Key Words:  Ecocriticism, Environment, Nature, Culture, Therapies

            Ecocriticism could be considered as the only link which connects Nature and humanity to a common thread.  Literature is abundant with themes of Nature and culture, and acts as a pathway of understanding life. The writers of ecological concern strongly voice out their ideas in different ways in the form of documentaries, essays, articles, movies, and novels. These kinds of writings often convey the idea that there is an existence of other force even stronger than the mankind. The ultimate goal of this paper is to emphasize the dependency between Nature and mankind through Sophie Mackintosh’s novel The Water Cure. It highlights the importance of Nature and its positive role in human life.

            Sophie Mackintosh started her career as a novelist with her famous novel The Water Cure (2018) which was long listed for the Man Booker Prize in 2018. The novel is a blend of imagination and reality in various aspects.

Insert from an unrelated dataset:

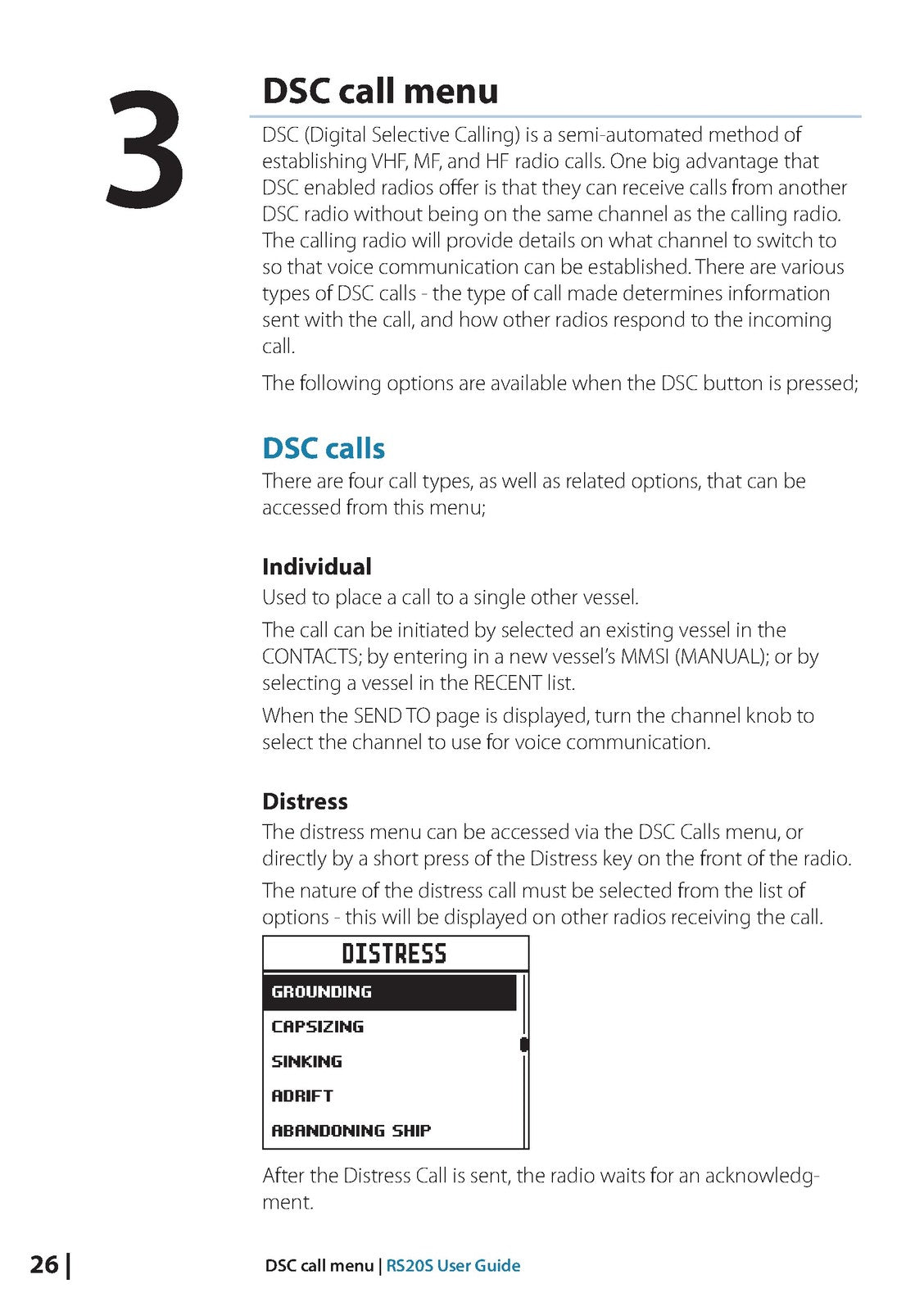 SIMRAD RS20S VHF Radio User Manual - STEEL WIRE BOUND - PROTECTIVE COVERS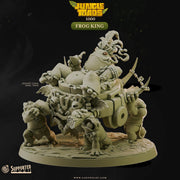 Grung King Miniature - resin tabletop miniature front view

It is a modern tale of family, love, devastation, sisterhood, and creates a gloomy light on which the whole story travels. Mackintosh balances the plot with equal importance to the setting where she includes all the possible elements of hope and hopelessness in the form of Nature. The novel The Water Cure is a postmodern fiction in its style, theme and non-linear narration. The traces of ecocriticism are found in The Water Cure, a unique aspect that is found in Mackintosh’s novels. The work based on the Post-apocalypse of world as result of environmental degradation. Being a dystopian novel, the major plot takes place on an Island, which is untouched by the contaminated mainland, which refers to the urban landscape.

            The main plot is based on the three female protagonists named Grace, Lia and Sky who live on this island with their foster parents named King and Mother. The Island is used as a place of residence by King in order to keep his daughters under safety from the toxin filled mainland which is unsafe especially for women.  There are frequent rituals and therapies introduced in the novel and the daughters are seen performing the risky therapies in a courageous way. Mackintosh also introduces other women from the mainland who reaches out for help from Mother in order to recover from their physical and mental illness as a result of toxic filled environment where they fall as victims. The external effects of the toxins have resulted in polluting the mind and body of men. The toxin represents the industrial wastages and the effect of modernization on Nature and human beings. The analysis of toxic manhood makes the readers to understand that it is a representation of ecosystem and Mankind as whole. In the meantime, the whole plot takes a different turn by the arrival of the three men on the shore.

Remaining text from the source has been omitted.